How to deal with the George Town Landfill is an ongoing issue. The current proposal, not yet finalised, is that the Dart Group caps the existing landfill and swaps land with the Cayman Islands government to create an alternative waste management site outside Bodden Town in Grand Cayman.
At the STEM Carib 2012 conference at the University College of the Cayman Islands, engineer Walling Whittaker presented waste management models that could be possible solutions to Cayman’s waste management problem.
Mount Trashmore, as the landfill is colloquially known, stands around 85 feet high, takes up an area of 68 acres and has been in its current location in George Town for 40 years. It is an environmental hazard, as when it rains it causes leachate to make its way into the ground water, while decomposing rubbish also produces gases that contribute to global warming.
Mr. Whittaker explained that an original plan to mine the dump was technically possible, but has lots of risks. According to a report by consultants DBB, it would take about 19 years to mine, the Island would be exposed to noxious gasses and odours, there was a risk of explosion and fires and workers would be exposed to hazards.
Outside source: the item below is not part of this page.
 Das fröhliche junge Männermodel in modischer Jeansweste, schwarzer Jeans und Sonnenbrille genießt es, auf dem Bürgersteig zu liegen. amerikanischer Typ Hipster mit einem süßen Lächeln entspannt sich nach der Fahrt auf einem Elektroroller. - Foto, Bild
He then went on to explore new alternative and renewable solutions to coping with landfills, the engineering challenges and the advantages and disadvantages of each system.
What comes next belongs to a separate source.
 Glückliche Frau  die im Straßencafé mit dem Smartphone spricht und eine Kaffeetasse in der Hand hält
In a typical land fill cap, a cover of thick geo membrane liner is laid to contain the waste. The membrane is then covered with a deep layer of soil and vegetation. A gas vent through the middle of the heap enables flow. One of the drawbacks to this that it requires a lot of soil as the layer has to be at least 24 inches thick, which is an expense in Grand Cayman where soil is limited.
Solar energy landfill caps, using rigid or flexible solar panels, are being used in places such as Italy and North America. A solar energy landfill cap does away with the need for top soil and vegetation while also providing energy. The advantages are that it transforms a liability into a revenue; has the potential to reduce post-closure care costs; protects the environment and provides clean, renewable energy.
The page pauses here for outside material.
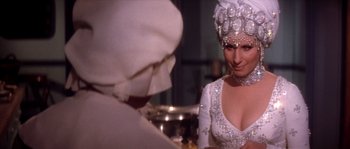 Movie still from “On a Clear Day You Can See Forever” (1970), directed by Vincente Minnelli – A woman in a white dress and a white hat; Close Up shot, Over the shoulder angle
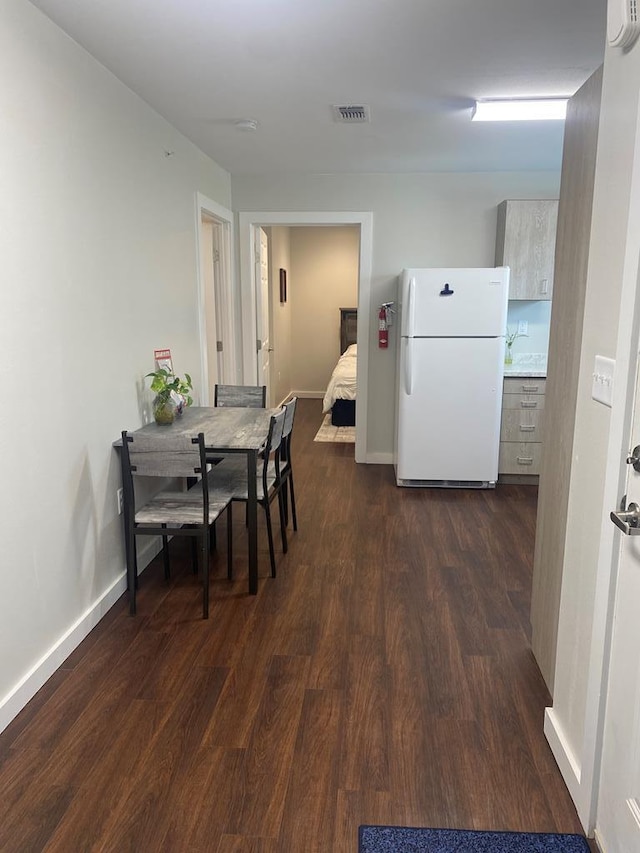 dining area with dark hardwood / wood-style floors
Because water runs off the panels rather than into the ground it promotes positive drainage, minimises infiltration and there is reduced need for maintenance.
Mr. Whittaker estimated that a small section, about 10 acres, of the George Town land fill could accommodate 9,300 rigid panels of 235 watts each, giving a potential capacity of 2.18 MWp, on just 40,950 square metres of the site and would provide enough electricity to power about 300 homes.
The cost of this would be about US$6.1 million with a project life of 25 years, but with energy sold could pay for itself in eight years.
The final example was a sustainable landfill, basically a huge compost heap, designed to break down quickly, built on a new site. The site is divided into four cells that are designed to operate as “bioreactors” so that they can be reused again and again. The engineering part is to create conditions for waste degrading organisms to thrive, which is done by increasing moisture content and introducing air and leachate recirculation.
While one heap is decomposing you start on another, removing the need to build a new landfill. This model also converts gas to energy.
When Mr. Whittaker took questions from the audience, the main questions were about recycling. Mr. Whittaker did stress that more recycling than ever was being done in Grand Cayman and a new landfill site would hopefully have recycling. However, as one member of the audience pointed out, if rubbish is not separated at source, in other words at household bins, a sustainable landfill would soon get filled with non-biodegradable rubbish and so the whole cycle starts again.
Mr. Whittaker ended his talk by reminding students that green engineering solutions were something that those engineers among them would have to think about in the future.
Solar energy landfill caps, using rigid or flexible solar panels, are being used in places such as Italy and North America.